= Suid-Afrikaanse Onderwysers Unie =

Trade union in South Africa

The Suid-Afrikaanse Onderwysers Unie (SAOU), sometimes translated as the South African Teachers' Union, is a trade union representing principally Afrikaans-speaking teachers in South Africa.

The union was founded in 1905 to represent Afrikaans-speaking white teachers in the Cape Province. It aimed to improve the pay and working conditions of teachers, to promote education in general, and the use of the Afrikaans language. It did not participate in the anti-apartheid movement.

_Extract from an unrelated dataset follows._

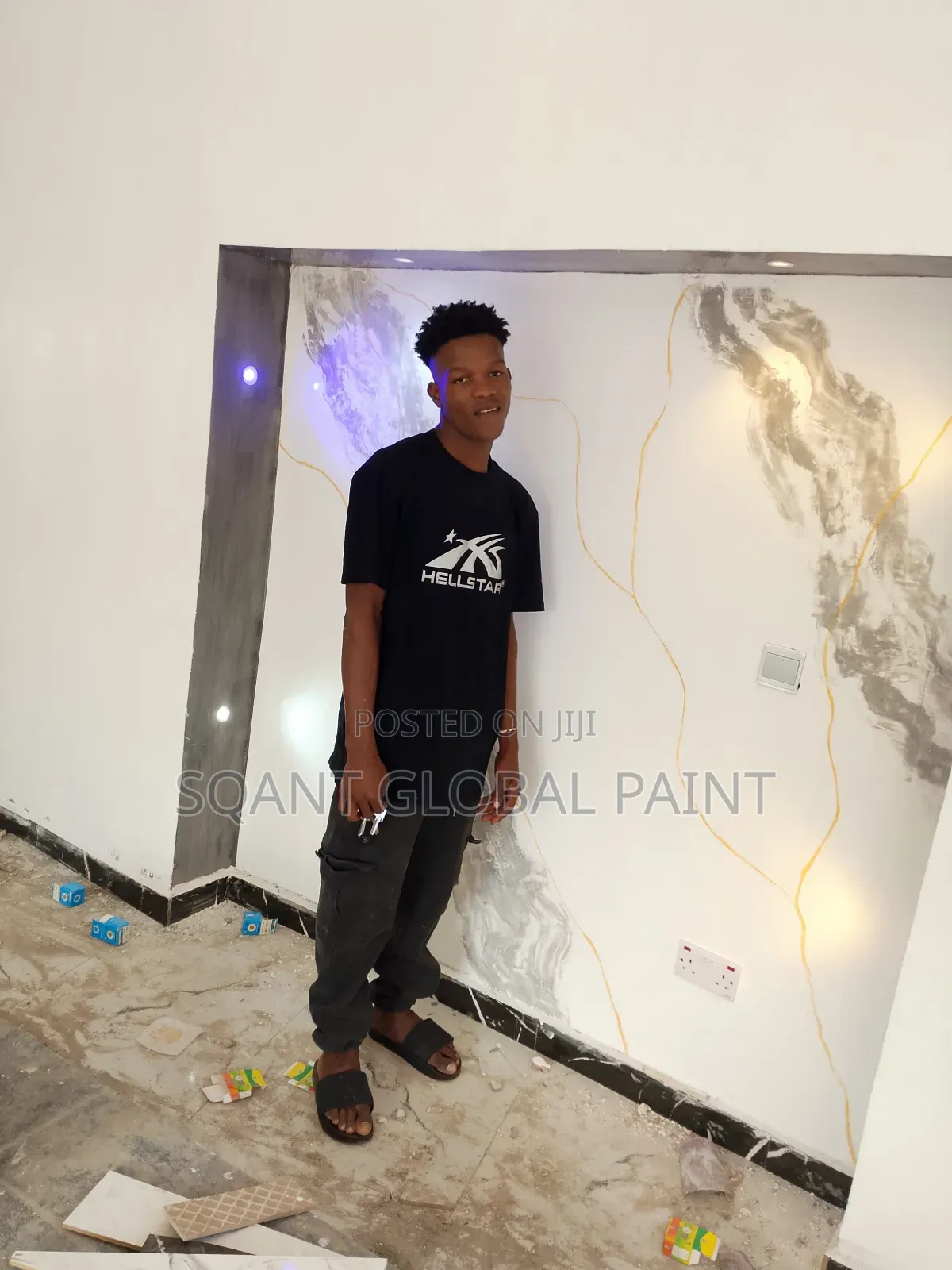 Stucco Painting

In 1991, the union affiliated to the National Professional Teachers' Organisation of South Africa (NAPTOSA), a loose federation. However, in July 1996, it absorbed NAPTOSA's other Afrikaans-speaking affiliates, the Natal Onderwysunie and Onderwysunie van die Oranje Vrystaat, and resigned from NAPTOSA. It initially focused its campaigns on preserving exclusively Afrikaans-speaking schools. The union decided to work more closely with the mainstream trade union movement, and affiliated to the Federation of Unions of South Africa. In 2002, it had 41,315 members, falling to 32,029 in 2011. The union works with NAPTOSA, the Natal Association of Teachers' Unions and the Professional Educators' Union in the Combined Trade Unions, for the purpose of recognition by the Education Labour Relations Chamber.